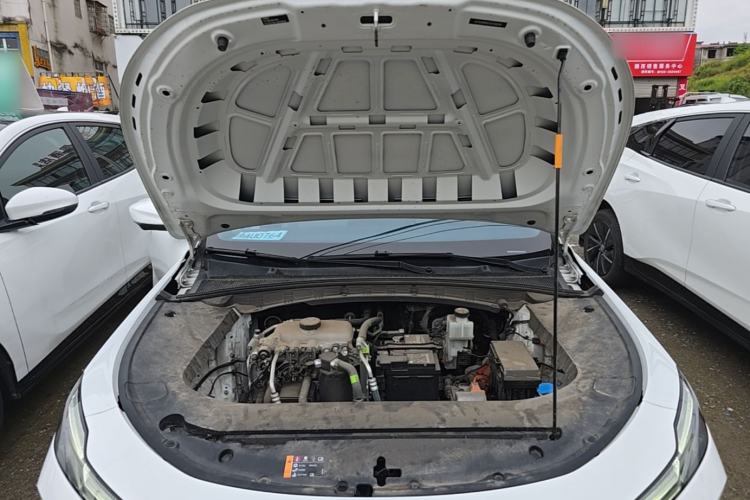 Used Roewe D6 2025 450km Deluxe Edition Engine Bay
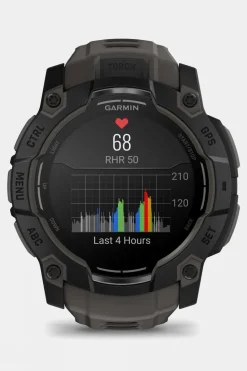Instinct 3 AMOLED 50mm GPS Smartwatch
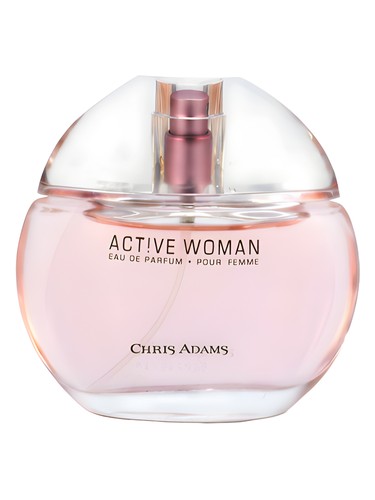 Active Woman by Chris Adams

---

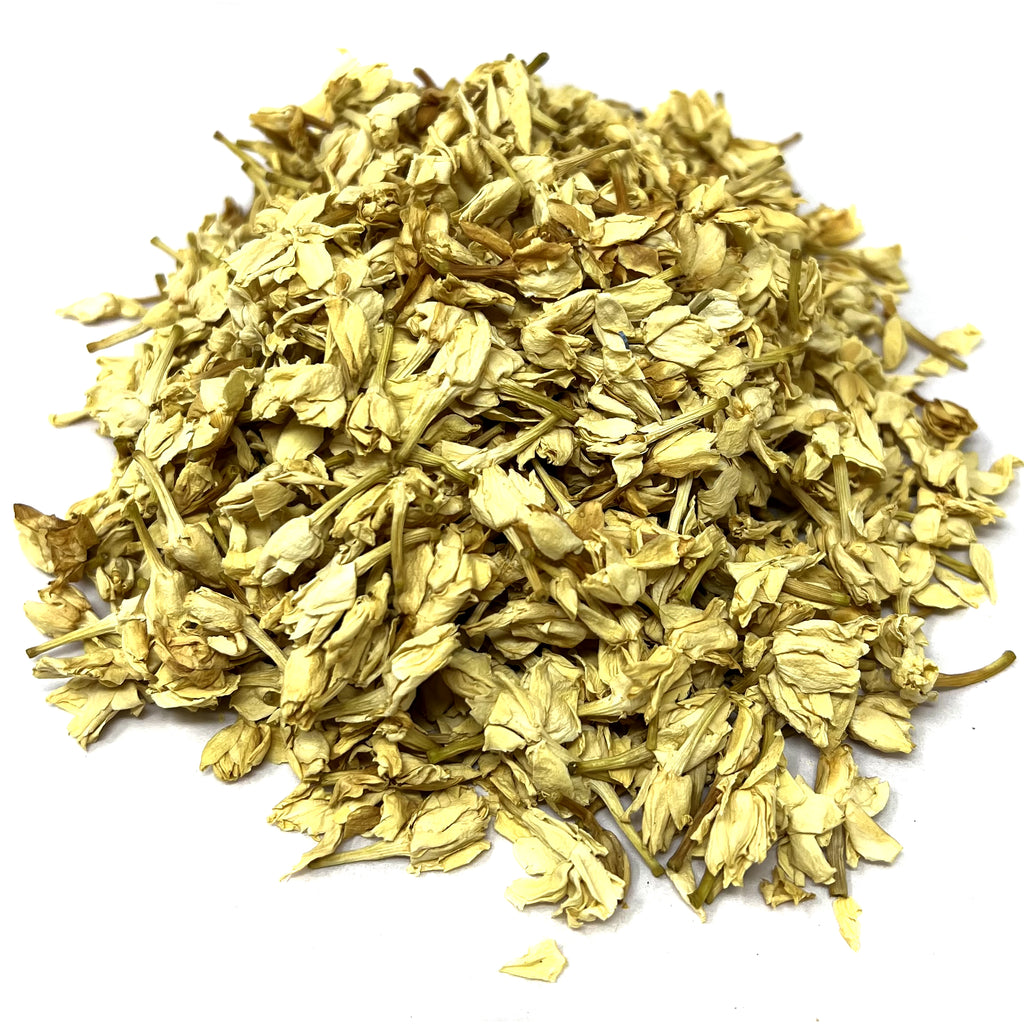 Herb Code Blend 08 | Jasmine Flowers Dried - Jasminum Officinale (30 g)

...

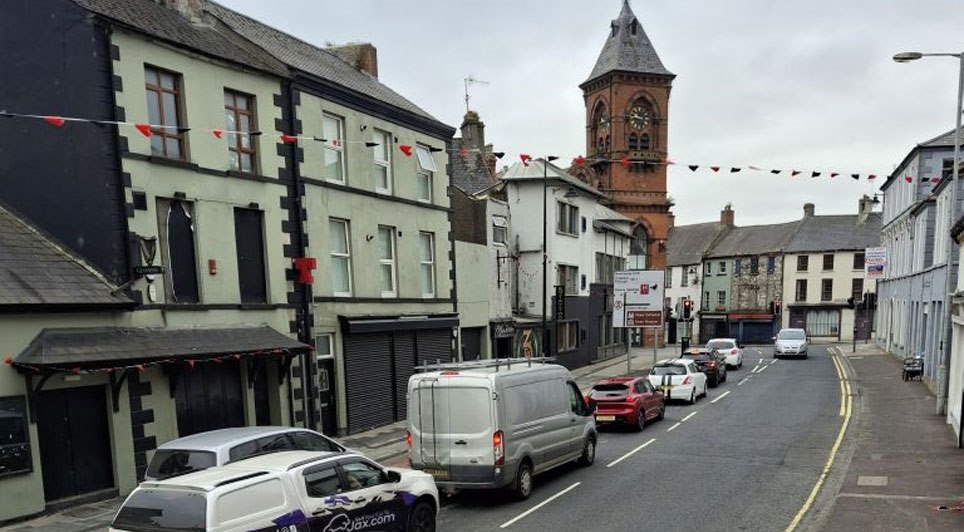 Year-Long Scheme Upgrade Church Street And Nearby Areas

AIM OF THE TASK
In the listing above, find the line with "Instinct 3 AMOLED 50mm GPS Smartwatch" and the line with "Active Woman by Chris Adams". Transcribe those two and everything between, exactly, leaving out pictures.

TASK OUTPUT
Instinct 3 AMOLED 50mm GPS Smartwatch
 Active Woman by Chris Adams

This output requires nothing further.